Question

Ravi dropped a stone and a rubber ball from his terrace,100m high from the ground. (Neglect air resistance )
i) Will both fall with same or different acceleration ? What is the value of their accelerations ? ii) Write the formula of their acceleration .
iii) Calculate the final velocity of the rubber ball just before it reaches the ground. Will it be same in case of stone ?​

Answer 1

Answer:

As an object falls, its speed increases because it's being pulled on by gravity. The acceleration of gravity near the earth is g = -9.81 m/s^2. To find out something's speed (or velocity) after a certain amount of time, you just multiply the acceleration of gravity by the amount of time since it was let go of.

Answer 2

Given:

Ravi dropped a stone and a rubber ball from his terrace,100m high from the ground. (Neglect air resistance).

To find:

i) Will both fall with same or different acceleration ? What is the value of their accelerations ? ii) Write the formula of their acceleration .

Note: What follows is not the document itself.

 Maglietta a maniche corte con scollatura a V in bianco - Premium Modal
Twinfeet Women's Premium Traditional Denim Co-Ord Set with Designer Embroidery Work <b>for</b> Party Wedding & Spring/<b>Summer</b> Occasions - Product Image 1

iii) Calculate the final velocity of the rubber ball just before it reaches the ground. Will it be same in case of stone ?

Calculation:

Question i)

Yes, they will fall with same acceleration towards earth surface , if air resistance is neglected.

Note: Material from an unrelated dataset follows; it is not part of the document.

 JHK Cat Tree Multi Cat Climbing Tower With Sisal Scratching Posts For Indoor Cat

• Value of Gravitational Acceleration for both the objects will be approximately 9.8 m/s².

The general expression for the gravitational acceleration acting on the bodies will be:

$\boxed{ \bold{ \therefore \: g = \dfrac{GM}{{R}^{2} } \approx \: 9.8 \: m {s}^{ - 2} }}$

• G = Universal Gravitational Constant, M = mass of earth, R = radius of earth.

Question ii)

Let the final velocity for the objects be v:

$\therefore \: {v}^{2} = {u}^{2} + 2gh$

$\implies \: {v}^{2} = {(0)}^{2} + 2(9.8)(100)$

$\implies \: {v}^{2} = 1960$

$\implies \: v = \sqrt{1960}$

$\implies \: v = 44.27 \: m {s}^{ - 1}$

So, final velocity for both objects (both stone and rubber ball) will be 44.27 m/s.